**Aim of the exercise**
The response must contain every line below in which "Starter" appears.
Material for the task below:
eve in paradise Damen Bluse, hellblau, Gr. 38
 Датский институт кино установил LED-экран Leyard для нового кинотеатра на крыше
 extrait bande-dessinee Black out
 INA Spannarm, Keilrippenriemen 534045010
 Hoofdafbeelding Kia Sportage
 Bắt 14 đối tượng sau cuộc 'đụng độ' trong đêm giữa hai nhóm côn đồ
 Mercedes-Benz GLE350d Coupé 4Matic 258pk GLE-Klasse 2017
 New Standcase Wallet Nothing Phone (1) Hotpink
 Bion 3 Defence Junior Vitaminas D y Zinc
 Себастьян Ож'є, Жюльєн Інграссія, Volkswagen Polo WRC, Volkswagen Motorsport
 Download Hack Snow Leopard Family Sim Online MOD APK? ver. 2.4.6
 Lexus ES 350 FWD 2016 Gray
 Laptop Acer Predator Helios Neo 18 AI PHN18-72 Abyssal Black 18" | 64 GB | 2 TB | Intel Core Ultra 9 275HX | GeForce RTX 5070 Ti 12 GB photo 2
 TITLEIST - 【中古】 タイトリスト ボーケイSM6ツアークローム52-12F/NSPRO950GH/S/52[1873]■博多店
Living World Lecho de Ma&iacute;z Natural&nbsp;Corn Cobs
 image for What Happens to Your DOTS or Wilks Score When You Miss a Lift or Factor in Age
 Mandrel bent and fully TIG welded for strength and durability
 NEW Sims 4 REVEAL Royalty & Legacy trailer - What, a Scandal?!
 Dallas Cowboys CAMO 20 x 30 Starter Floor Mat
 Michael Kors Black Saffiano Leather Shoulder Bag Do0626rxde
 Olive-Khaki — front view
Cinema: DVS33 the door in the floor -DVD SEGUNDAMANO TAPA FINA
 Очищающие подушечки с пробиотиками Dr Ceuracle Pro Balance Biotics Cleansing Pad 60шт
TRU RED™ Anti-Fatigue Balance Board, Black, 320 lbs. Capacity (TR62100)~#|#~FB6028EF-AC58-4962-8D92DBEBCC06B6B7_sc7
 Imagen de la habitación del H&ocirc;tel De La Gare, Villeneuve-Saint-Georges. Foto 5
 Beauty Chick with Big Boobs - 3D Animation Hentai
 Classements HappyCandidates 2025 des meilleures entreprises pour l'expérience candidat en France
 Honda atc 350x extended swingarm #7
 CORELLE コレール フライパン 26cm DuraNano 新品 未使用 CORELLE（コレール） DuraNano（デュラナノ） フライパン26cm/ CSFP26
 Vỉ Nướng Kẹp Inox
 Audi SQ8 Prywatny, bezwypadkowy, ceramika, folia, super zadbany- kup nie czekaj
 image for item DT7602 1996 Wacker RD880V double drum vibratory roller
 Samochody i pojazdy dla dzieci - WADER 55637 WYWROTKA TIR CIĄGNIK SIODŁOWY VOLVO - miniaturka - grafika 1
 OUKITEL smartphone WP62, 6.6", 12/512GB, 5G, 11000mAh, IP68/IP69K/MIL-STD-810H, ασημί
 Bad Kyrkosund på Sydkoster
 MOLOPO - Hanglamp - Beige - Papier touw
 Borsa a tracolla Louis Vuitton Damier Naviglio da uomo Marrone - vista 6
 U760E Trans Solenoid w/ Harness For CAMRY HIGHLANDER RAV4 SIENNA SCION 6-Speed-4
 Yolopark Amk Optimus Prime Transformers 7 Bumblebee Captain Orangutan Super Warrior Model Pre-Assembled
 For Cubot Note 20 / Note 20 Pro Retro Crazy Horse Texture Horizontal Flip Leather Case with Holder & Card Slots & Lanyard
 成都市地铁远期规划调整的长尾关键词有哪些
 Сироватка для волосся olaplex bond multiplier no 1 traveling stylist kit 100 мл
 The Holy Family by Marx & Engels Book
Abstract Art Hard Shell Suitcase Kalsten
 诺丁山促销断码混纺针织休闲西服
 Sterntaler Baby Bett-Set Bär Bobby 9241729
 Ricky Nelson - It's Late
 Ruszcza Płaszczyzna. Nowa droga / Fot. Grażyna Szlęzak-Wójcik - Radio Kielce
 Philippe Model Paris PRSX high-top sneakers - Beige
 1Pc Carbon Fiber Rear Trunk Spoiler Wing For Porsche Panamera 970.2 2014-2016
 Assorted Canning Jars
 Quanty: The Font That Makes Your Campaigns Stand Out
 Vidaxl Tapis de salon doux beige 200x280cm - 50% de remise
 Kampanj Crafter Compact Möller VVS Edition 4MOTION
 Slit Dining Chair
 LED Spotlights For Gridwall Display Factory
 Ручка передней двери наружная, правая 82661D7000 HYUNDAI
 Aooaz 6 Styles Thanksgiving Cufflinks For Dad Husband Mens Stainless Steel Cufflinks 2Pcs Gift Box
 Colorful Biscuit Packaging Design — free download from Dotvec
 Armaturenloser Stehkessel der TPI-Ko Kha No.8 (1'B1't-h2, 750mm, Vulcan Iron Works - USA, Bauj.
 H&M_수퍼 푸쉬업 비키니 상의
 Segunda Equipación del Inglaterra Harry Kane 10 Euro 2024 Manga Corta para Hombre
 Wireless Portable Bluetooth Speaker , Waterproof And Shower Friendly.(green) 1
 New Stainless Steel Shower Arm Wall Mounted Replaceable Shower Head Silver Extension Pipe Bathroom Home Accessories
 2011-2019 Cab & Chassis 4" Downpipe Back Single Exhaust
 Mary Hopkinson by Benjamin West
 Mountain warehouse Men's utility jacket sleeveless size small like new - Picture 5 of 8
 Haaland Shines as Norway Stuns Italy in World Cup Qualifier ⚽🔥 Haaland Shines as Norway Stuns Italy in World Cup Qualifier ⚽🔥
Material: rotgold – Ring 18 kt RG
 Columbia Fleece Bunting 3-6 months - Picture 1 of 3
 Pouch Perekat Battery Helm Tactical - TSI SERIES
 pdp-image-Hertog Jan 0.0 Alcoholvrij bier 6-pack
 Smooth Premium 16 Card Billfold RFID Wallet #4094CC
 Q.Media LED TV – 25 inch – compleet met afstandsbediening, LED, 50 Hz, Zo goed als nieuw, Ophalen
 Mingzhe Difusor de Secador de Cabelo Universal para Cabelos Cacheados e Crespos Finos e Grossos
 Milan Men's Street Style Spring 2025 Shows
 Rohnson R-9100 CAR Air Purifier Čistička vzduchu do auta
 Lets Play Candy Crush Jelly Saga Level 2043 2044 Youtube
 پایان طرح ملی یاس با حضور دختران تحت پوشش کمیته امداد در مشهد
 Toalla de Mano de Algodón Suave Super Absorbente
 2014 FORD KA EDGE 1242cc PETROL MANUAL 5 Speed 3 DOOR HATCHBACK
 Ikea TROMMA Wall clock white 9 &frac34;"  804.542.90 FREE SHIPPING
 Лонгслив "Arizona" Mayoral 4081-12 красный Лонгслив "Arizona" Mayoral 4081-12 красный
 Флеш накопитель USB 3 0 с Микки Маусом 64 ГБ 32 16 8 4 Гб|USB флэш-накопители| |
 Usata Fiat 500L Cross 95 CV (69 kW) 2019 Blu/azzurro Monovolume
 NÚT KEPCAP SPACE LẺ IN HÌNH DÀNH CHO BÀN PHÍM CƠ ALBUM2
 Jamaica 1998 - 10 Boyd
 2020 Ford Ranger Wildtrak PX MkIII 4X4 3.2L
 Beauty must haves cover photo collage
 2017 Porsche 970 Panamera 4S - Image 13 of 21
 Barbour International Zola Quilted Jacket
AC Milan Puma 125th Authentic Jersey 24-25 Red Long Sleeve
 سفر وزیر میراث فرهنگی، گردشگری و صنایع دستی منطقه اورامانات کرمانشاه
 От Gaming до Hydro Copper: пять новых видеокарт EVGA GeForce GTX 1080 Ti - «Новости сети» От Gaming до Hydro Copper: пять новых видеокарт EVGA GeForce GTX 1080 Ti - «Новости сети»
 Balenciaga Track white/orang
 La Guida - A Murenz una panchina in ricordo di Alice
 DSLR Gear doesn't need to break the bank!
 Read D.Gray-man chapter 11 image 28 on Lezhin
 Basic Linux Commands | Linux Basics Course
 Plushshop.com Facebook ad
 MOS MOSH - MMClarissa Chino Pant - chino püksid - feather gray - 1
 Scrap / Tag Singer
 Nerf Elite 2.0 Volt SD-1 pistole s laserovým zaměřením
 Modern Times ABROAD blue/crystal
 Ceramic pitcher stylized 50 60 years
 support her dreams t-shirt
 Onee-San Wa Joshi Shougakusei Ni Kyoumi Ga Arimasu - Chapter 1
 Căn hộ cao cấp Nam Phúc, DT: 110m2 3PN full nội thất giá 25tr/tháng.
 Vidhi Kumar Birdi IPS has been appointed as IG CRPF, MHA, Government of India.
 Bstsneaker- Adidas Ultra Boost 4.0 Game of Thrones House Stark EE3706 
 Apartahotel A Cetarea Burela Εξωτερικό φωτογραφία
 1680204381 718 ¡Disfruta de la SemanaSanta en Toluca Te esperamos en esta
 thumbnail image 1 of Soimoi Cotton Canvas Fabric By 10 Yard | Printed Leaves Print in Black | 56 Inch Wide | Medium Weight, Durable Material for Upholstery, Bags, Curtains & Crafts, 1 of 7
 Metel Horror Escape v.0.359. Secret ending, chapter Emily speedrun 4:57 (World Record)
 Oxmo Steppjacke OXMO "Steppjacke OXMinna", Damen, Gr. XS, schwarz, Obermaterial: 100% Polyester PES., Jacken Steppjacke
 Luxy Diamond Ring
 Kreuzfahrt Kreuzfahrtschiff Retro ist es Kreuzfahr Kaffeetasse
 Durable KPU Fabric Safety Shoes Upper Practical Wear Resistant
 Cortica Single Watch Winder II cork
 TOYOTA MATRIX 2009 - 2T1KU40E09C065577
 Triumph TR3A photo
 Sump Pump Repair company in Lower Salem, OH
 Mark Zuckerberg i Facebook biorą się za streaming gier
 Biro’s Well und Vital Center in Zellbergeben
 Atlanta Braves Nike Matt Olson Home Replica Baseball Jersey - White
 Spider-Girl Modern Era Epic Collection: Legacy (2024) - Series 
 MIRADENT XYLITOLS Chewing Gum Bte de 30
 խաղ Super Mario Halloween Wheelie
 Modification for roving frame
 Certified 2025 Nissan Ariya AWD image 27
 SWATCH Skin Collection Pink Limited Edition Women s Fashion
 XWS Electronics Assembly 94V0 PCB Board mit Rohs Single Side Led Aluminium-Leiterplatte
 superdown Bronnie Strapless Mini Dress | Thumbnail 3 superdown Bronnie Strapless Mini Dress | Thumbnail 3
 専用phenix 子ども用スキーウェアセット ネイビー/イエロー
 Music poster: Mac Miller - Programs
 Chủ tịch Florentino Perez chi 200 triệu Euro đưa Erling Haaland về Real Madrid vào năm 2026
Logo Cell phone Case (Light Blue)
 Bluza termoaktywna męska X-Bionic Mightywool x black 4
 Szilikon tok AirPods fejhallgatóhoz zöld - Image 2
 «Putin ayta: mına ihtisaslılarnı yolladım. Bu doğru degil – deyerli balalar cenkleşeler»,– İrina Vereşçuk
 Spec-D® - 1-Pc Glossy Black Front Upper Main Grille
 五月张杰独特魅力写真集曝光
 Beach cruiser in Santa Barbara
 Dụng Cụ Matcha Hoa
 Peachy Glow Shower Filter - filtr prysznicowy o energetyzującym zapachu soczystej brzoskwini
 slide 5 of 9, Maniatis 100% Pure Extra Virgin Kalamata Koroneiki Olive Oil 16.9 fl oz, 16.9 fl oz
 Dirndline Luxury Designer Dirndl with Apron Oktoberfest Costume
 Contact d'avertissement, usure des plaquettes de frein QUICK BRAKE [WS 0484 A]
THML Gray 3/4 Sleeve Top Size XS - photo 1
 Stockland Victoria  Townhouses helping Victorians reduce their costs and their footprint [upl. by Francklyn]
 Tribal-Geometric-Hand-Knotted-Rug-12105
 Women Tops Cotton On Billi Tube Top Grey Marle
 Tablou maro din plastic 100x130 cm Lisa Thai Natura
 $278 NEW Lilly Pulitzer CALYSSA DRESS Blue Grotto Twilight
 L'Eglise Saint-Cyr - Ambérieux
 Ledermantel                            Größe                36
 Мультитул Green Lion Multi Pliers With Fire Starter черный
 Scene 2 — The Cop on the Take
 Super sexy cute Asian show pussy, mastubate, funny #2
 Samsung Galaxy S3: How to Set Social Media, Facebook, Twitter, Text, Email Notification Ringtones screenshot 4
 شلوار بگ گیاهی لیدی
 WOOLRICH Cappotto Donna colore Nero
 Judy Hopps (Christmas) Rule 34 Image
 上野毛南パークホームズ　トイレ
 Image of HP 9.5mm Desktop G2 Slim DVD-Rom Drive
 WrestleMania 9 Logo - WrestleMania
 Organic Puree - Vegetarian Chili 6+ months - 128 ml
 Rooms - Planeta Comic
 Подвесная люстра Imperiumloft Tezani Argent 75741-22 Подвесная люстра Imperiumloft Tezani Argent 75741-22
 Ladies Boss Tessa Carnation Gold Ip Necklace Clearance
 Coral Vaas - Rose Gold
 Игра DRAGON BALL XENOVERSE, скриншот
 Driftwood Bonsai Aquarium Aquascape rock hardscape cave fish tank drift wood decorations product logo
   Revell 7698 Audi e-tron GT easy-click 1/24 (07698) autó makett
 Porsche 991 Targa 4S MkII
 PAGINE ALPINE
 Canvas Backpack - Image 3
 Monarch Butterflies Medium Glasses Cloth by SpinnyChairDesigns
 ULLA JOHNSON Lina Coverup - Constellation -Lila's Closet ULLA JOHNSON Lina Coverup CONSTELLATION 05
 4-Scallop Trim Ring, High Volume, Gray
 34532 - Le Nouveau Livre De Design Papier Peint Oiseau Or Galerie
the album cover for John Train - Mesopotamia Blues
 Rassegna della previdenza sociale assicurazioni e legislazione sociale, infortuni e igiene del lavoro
End of Material for the task.
**Exercise output**
 Dallas Cowboys CAMO 20 x 30 Starter Floor Mat
 Мультитул Green Lion Multi Pliers With Fire Starter черный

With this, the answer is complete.